◆ WHAT THE EXERCISE ASKS:
Output the data below exactly as it is, dropping the pictures from your copy.

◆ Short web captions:
_ _ _ _ _ _ _

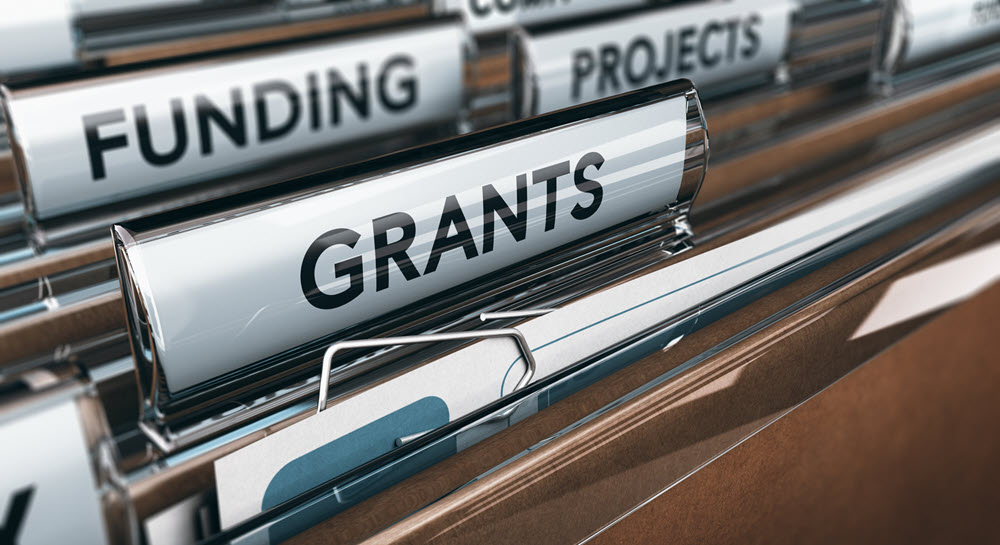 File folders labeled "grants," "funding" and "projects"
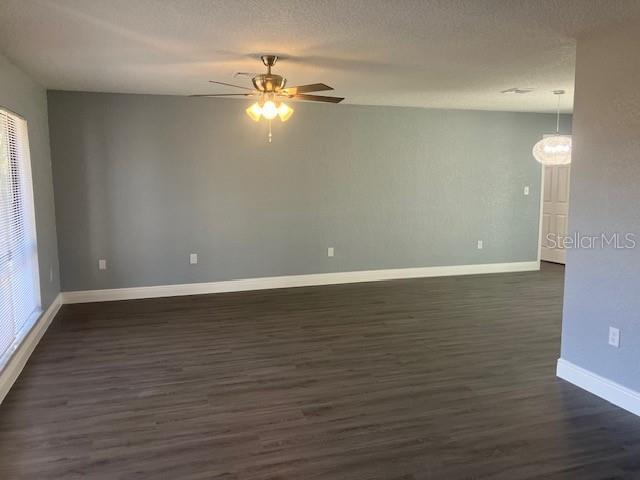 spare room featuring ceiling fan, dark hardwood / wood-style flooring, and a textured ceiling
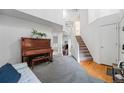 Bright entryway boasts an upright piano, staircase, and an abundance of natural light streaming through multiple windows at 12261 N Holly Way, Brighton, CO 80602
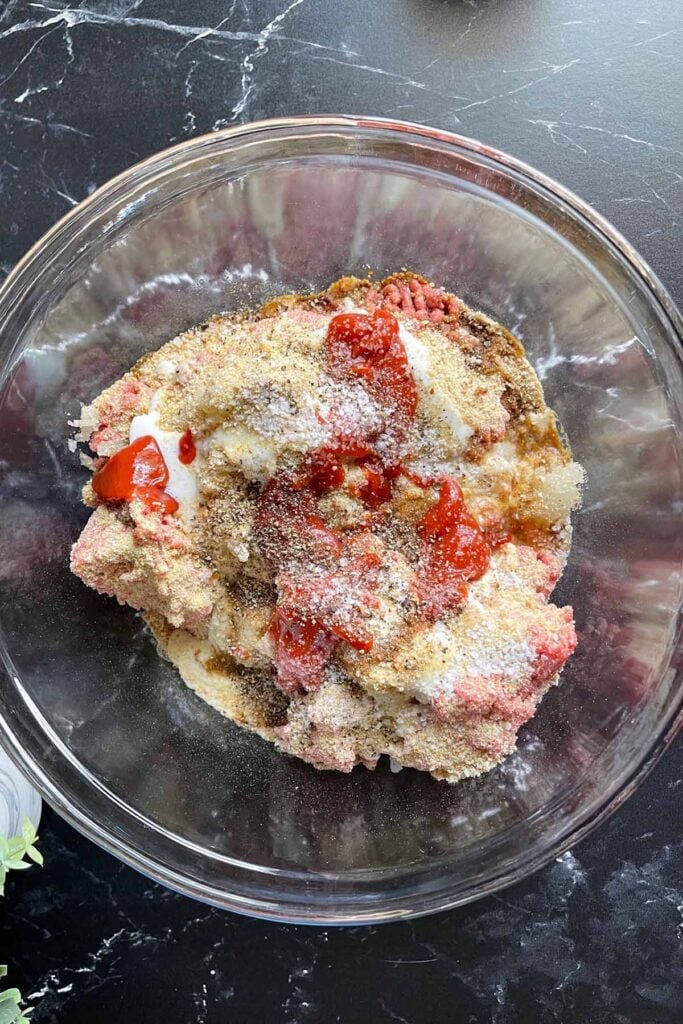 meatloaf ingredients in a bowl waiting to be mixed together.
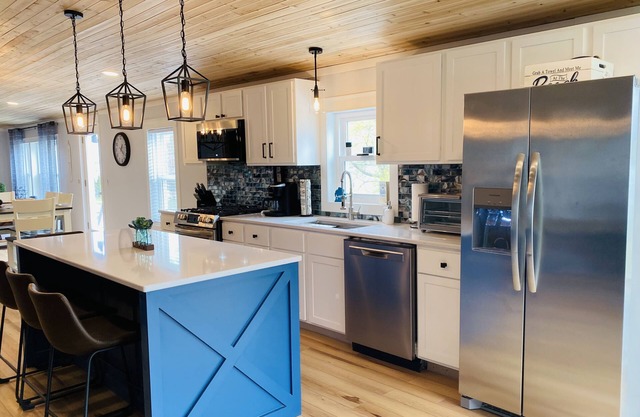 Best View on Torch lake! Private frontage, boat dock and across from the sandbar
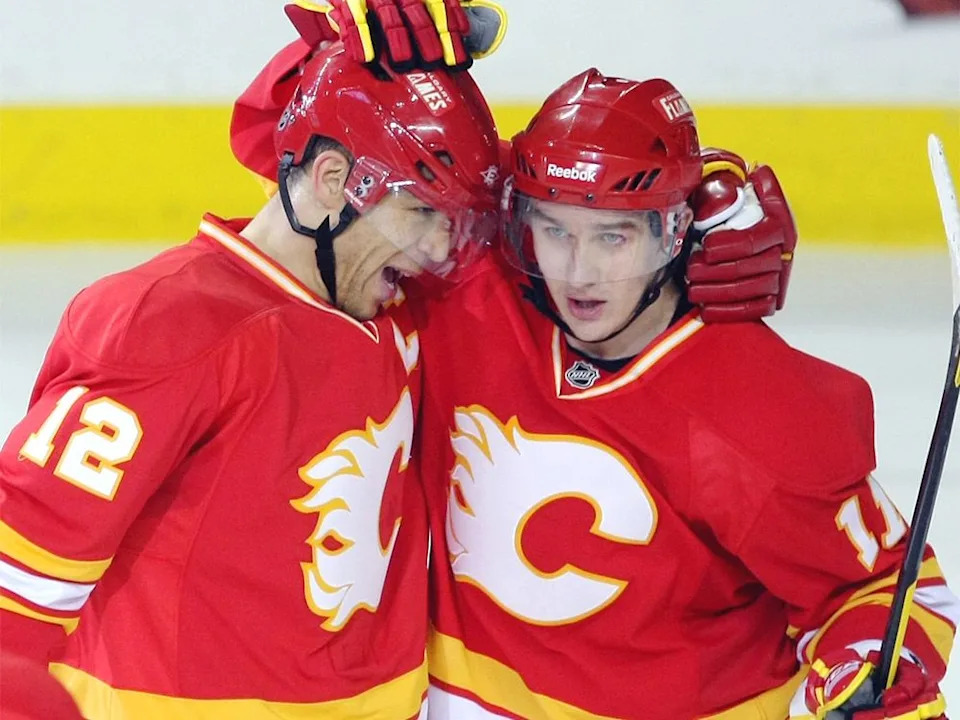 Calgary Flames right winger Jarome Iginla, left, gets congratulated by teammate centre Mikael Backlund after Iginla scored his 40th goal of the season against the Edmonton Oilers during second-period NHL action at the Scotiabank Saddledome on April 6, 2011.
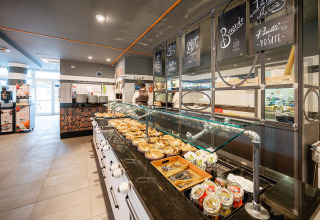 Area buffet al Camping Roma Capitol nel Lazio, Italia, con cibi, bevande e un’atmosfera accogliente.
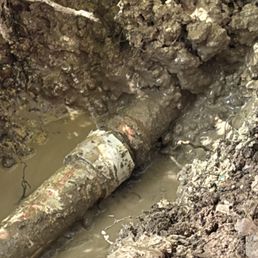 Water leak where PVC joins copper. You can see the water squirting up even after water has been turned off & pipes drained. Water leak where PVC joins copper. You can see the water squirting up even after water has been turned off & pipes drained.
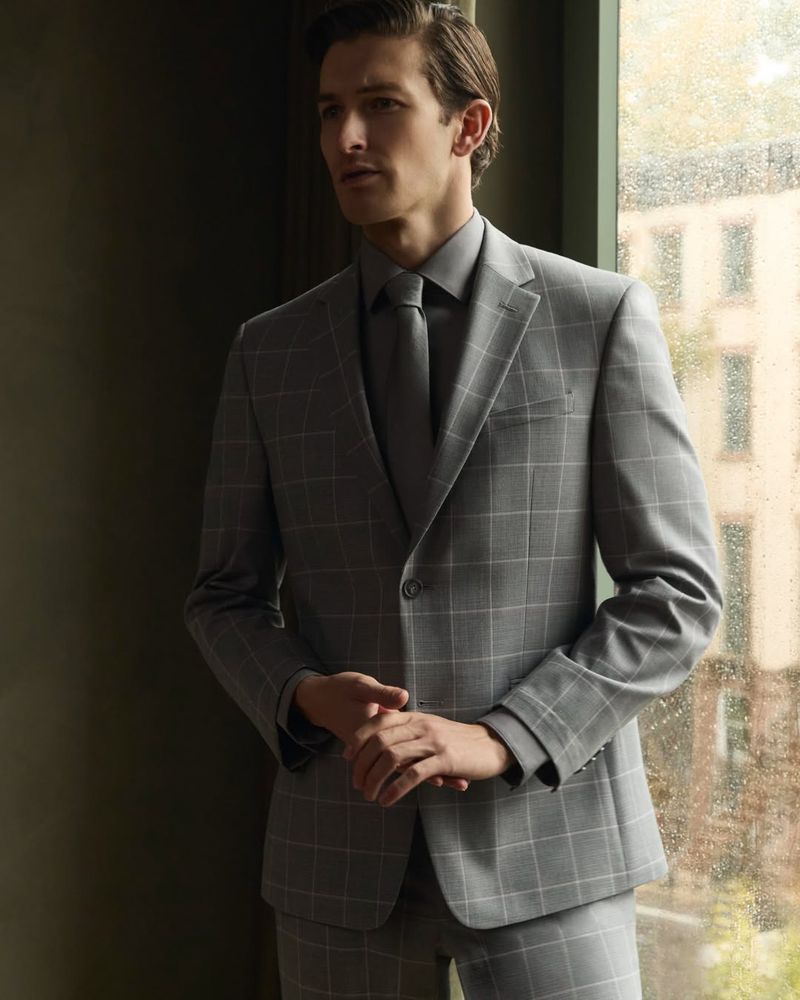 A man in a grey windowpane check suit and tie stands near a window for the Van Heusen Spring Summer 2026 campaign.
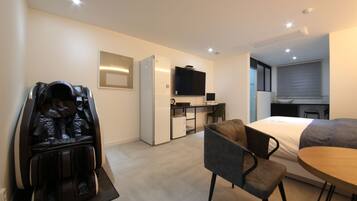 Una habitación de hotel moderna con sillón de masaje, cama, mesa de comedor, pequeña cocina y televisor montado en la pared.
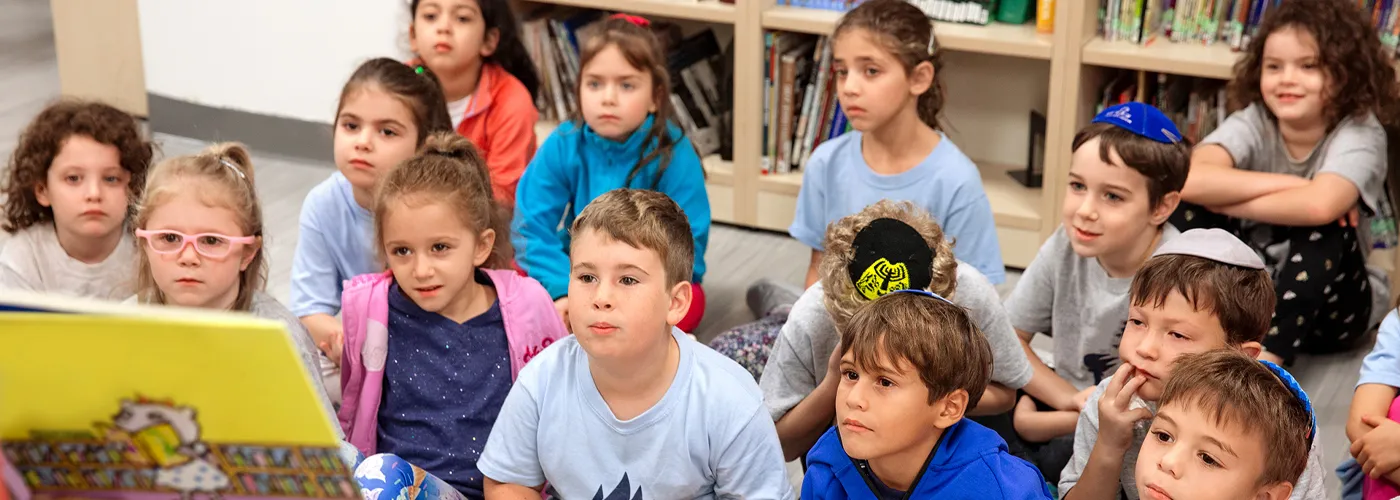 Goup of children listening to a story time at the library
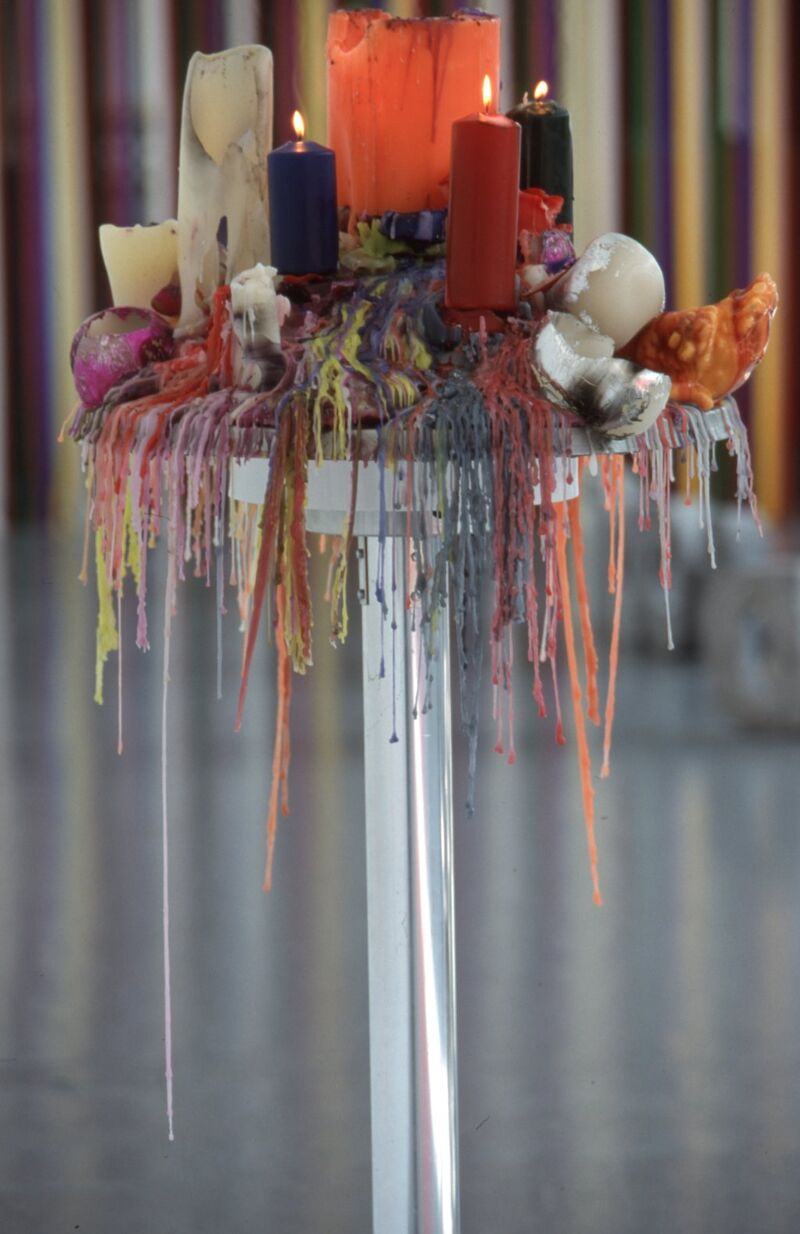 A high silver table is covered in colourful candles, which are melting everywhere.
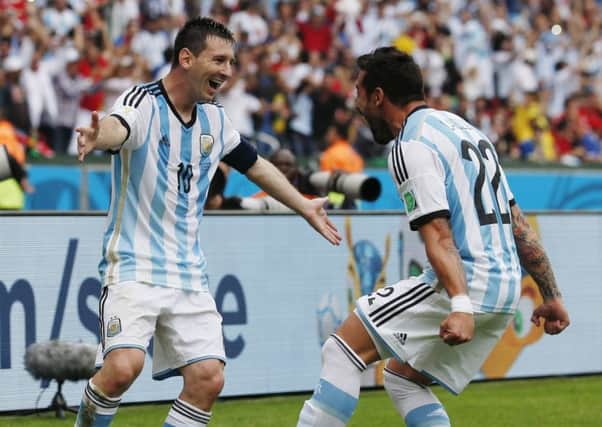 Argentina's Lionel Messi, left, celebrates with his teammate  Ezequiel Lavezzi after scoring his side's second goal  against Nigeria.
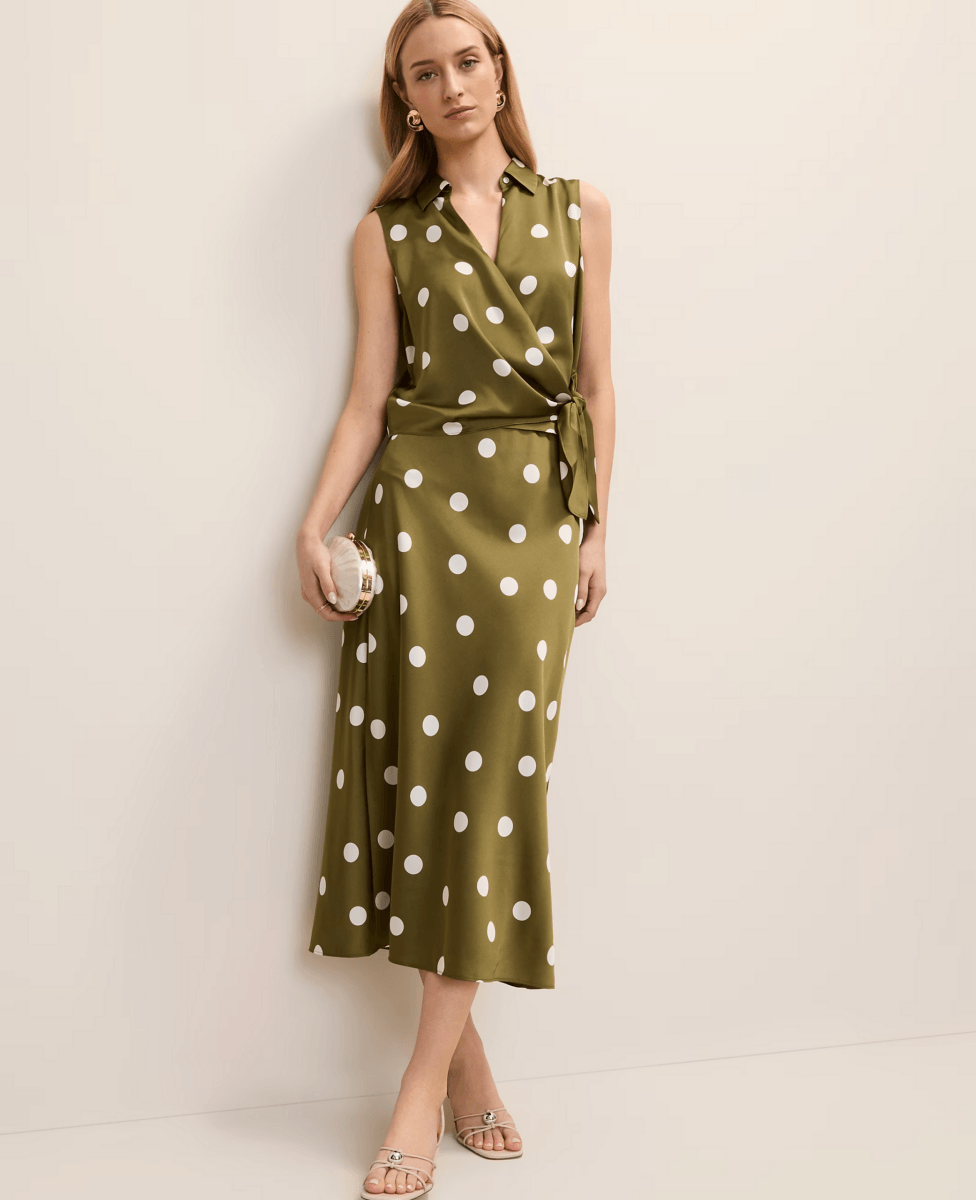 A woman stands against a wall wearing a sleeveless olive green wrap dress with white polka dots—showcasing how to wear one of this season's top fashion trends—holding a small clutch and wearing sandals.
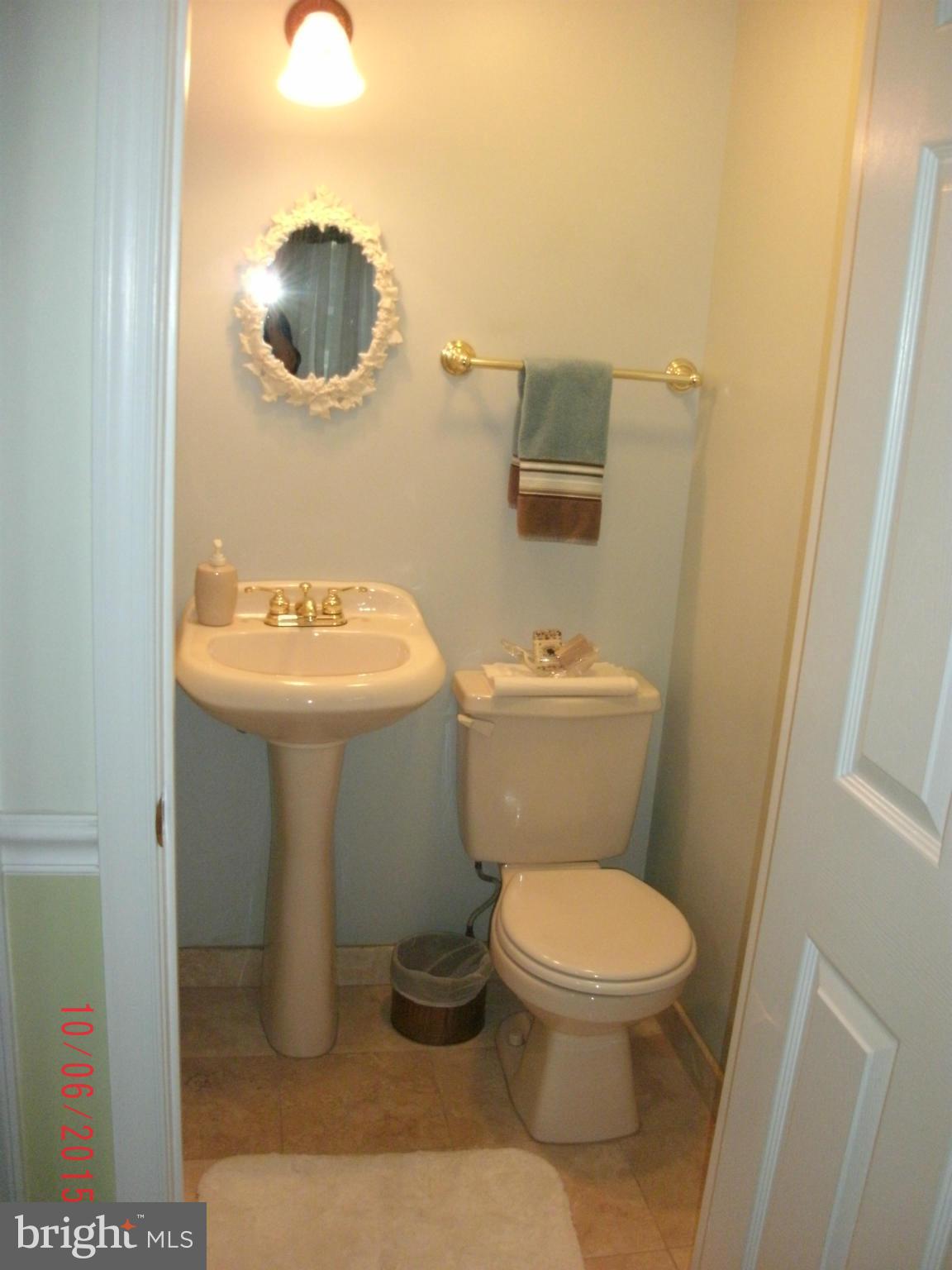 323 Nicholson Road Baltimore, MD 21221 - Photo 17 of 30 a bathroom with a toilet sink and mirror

_ _ _ _ _ _ _

◆ WRITTEN RESPONSE:
 File folders labeled "grants," "funding" and "projects"
 spare room featuring ceiling fan, dark hardwood / wood-style flooring, and a textured ceiling
 Bright entryway boasts an upright piano, staircase, and an abundance of natural light streaming through multiple windows at 12261 N Holly Way, Brighton, CO 80602
 meatloaf ingredients in a bowl waiting to be mixed together.
 Best View on Torch lake! Private frontage, boat dock and across from the sandbar
 Calgary Flames right winger Jarome Iginla, left, gets congratulated by teammate centre Mikael Backlund after Iginla scored his 40th goal of the season against the Edmonton Oilers during second-period NHL action at the Scotiabank Saddledome on April 6, 2011.
 Area buffet al Camping Roma Capitol nel Lazio, Italia, con cibi, bevande e un’atmosfera accogliente.
 Water leak where PVC joins copper. You can see the water squirting up even after water has been turned off & pipes drained. Water leak where PVC joins copper. You can see the water squirting up even after water has been turned off & pipes drained.
 A man in a grey windowpane check suit and tie stands near a window for the Van Heusen Spring Summer 2026 campaign.
 Una habitación de hotel moderna con sillón de masaje, cama, mesa de comedor, pequeña cocina y televisor montado en la pared.
 Goup of children listening to a story time at the library
 A high silver table is covered in colourful candles, which are melting everywhere.
 Argentina's Lionel Messi, left, celebrates with his teammate  Ezequiel Lavezzi after scoring his side's second goal  against Nigeria.
 A woman stands against a wall wearing a sleeveless olive green wrap dress with white polka dots—showcasing how to wear one of this season's top fashion trends—holding a small clutch and wearing sandals.
 323 Nicholson Road Baltimore, MD 21221 - Photo 17 of 30 a bathroom with a toilet sink and mirror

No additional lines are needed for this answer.